Introduction

Database initialization is performed in 2 parts:

schema+users creation
adding some data inside the database (does not require root access to the database)

This document emphasize about the first part, but the second one could be implemented in the very same step.

Below are the motivations:

Prevent accidental schema upgrades
Provide administrator more detail and debugging information so they know how a schema upgrade is progressing
- Add init method for xrootd to wait for schema upgrade to proceed
Separation of xrootd and mariadb for development

Technical requirements:

xrootd must communicate with mariadb via sockets. TCP connections are not performant in past testing.
mariadb connections via sockets are authenticated
mariadb needs to start before xrootd
1 xrootd instance must be paired with 1 mariadb instance. This pairing should run as 1 per node.

Strategies

From inside the Pod running mysql

Reminder: Both the Qserv worker and Czar Pods embed a mysql container, so running entrypoint script in any of their container will allow access to mysql file socket.

From an initContainer

Pros:

Network safe: Can use local mysql socket

User friendliness for k8s admin: +++++ (the initContainer from the database pod initialize the database schema)

For xrootd add in schema upgrade flag file (emptyDir) to signal to xrootd that schema upgrading is occurring. xrootd startup script pauses if that flag is there.

Cons:

Need to start/stop mysqld inside the initContainer

mysql and entrypoint run be in the same initContainer

xrootd will fail until schema update and start/top mysqld finishes.

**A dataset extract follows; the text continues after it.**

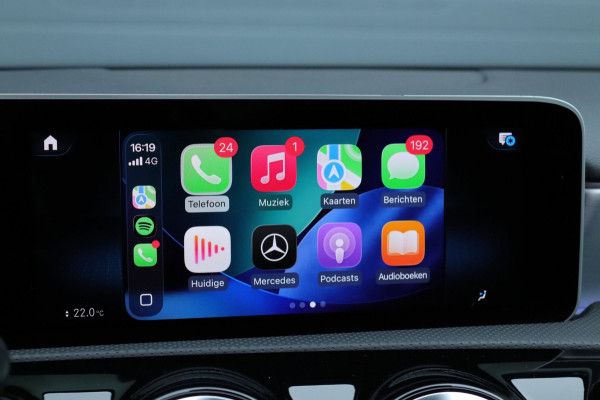 Mercedes-Benz A-Klasse 250 Pano / sfeerverlichting / Carplay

xrootd is stateless application so can be run as a deployment

Example:

Current Qserv setup, works since ~2 years

Also used for creating qserv-ingest schema

From a sidecar container

Pros:

Network safe: Can use local mysql socket

User friendliness for k8s admin: ++++

entrypoint container do not need to embed mysql

For Qserv worker the sidecar container can be xrootd or cmsd, but it is not a good separation of concern then. And it would not be trivial for the

Cons:

Need to run `sleep infinity` at the end of the sidecar container command

Example:

From the k8s official book: MongoDB is initialized inside a sidecar container which finishes with an infinite loop: http://eddiejackson.net/azure/Kubernetes_book.pdf#%5B%7B%22num%22%3A547%2C%22gen%22%3A0%7D%2C%7B%[…]%22%3A%22XYZ%22%7D%2Cnull%2C125.91296%2Cnull%5D

From the database container

This behavior is the one used by two mainstream products: MongoDB helm chart and Vitess operator.

Question: does mariadb provide a feature to create custom schema at startup (ping Fritz Mueller )?

Pros:

Network safe: Can use local mysql socket

User friendliness for k8s admin: +++

Cons:

mysql and entrypoint run be in the same initContainer

Example:

Vitess initializes the schemas from inside its mysql pods:

kubectl describe pods example-vttablet-zone1-2469782763-bfadd780
...
mysqld:
    Container ID:  
    Image:         vitess/lite:latest
    Image ID:      
    Port:          3306/TCP
    Host Port:     0/TCP
    Command:
      /vt/bin/mysqlctld
    Args:
      --db-config-dba-uname=vt_dba
      --db_charset=utf8
      --init_db_sql_file=/vt/secrets/db-init-script/init_db.sql
      --logtostderr=true
      --mysql_socket=/vt/socket/mysql.sock
      --socket_file=/vt/socket/mysqlctl.sock
      --tablet_uid=2469782763
      --wait_time=2h0m0s
...

Look at the option --init_db_sql_file above. It seems {Vitess} team has developed a mysqlctld process to start and init its mysql pods, this looks a bit like Qserv entrypoint but it is running from inside the MySQL container

MongoDB helm chart initialize the clustered database in the same pod that start mongodb (see setup.sh script): https://github.com/bitnami/charts/blob/master/bitnami/mongodb/templates/replicaset/scripts-configmap.yaml,

From outside the Pod running mysql

WARNING: this strategy will require an additional network 'root@%' access to mysql, this is not a recommended for security. The security consideration is that another pod could be scheduled to read data from localhost. Note they would need to have the authentication credentials too to access data.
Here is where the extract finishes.